The House on Mango Street is a 1984 young-adult novel by Sandra Cisneros. It is structured as a series of vignettes told from the point of view of Esperanza, a young Mexican girl, who describes her neighborhood, her life and the people she knows.
The House on Mango Street contains the following tropes:
- Abusive Parents: Sally's dad beats her.
- Book-Ends: Part of the first vignette appears in the final vignette, Mango Says Goodbye Sometimes. And yes, the part that's repeated ends after the comma:We didn't always live on Mango Street. Before that we lived on Loomis on the third floor, and before that we lived on Keeler. Before Keeler it was Paulina,
- Bratty Teenage Daughter: Esperanza's parents tell her she is being a bart when she stops participating in some family activities, out of frustration with their poverty.

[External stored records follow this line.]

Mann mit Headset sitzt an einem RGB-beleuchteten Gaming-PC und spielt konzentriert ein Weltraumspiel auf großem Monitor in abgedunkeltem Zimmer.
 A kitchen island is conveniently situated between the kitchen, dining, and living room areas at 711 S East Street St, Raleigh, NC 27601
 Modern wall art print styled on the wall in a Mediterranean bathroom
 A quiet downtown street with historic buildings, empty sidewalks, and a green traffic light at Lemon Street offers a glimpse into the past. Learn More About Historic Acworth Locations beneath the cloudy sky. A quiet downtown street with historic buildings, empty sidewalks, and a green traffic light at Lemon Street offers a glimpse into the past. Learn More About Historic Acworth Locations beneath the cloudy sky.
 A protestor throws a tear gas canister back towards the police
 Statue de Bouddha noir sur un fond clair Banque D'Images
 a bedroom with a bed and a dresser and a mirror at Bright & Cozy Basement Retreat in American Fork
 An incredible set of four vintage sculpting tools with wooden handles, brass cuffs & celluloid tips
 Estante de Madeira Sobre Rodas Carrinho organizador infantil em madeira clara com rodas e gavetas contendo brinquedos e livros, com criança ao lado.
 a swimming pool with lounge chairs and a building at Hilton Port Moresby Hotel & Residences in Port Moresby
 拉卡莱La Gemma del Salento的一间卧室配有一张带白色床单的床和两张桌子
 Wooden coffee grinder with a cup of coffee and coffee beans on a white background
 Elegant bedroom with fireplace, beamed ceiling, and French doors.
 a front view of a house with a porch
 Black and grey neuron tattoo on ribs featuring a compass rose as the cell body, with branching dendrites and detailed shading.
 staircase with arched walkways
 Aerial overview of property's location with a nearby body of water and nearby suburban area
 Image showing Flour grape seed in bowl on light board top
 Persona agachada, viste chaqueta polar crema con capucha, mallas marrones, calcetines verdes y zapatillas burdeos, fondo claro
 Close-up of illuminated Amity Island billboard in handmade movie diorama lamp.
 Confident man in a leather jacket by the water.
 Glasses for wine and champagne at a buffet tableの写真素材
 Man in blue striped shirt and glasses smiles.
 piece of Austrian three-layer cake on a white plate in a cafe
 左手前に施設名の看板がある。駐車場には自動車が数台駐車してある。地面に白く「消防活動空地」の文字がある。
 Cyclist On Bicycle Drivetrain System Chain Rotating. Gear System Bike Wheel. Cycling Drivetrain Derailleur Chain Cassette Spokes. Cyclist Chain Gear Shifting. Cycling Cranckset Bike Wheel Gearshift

- Character Title: The chapters "Marin," "Meme Ortiz," "Sire," and "Sally" are named after the characters who appear in the chapters.
- Jerkass: Mamacita's husband. He complains about Mamacita only being able to speak Spanish, when he could teach her English himself.
- Long Title: Some of the chapter names.
- There Was an Old Woman She Had So Many Children She Didn't Know What to Do
- Papa Who Wakes Up Tired in the Dark
- Rafaela Who Drinks Coconut & Papaya Juice on Tuesdays
- Alicia & I Talking on Edna's Steps
- Most Writers Are Writers: Writing is Esperanza's means of escape.
- One-Word Title: The chapters Hairs, Laughter, Chanclas, and Hips have titles one word long.
- One-Paragraph Chapter: The book's chapters are rather short, with some being only two pages long.
- Rape as Drama: Implied. Esperanza is very clearly assaulted at a carnival by some random man, but it's never stated how far it goes. The reader knows that there was some very forceful kissing, but Esperanza doesn't elaborate. Was it too horrific? Did she block it from her memory? We don't know.
- Title Drop: A vignette title is repeated in the story. "The House on Mango Street" (which is actually a double Title Drop, given that it's the book's title).
- Wrong Side of the Tracks: Esperanza and her family live in the Latino part of Chicago, where most families are poor. She derisively describes how white people who go there are scared of her neighborhood, and she also says that it's scary for her people to go into a wealthy neighborhood.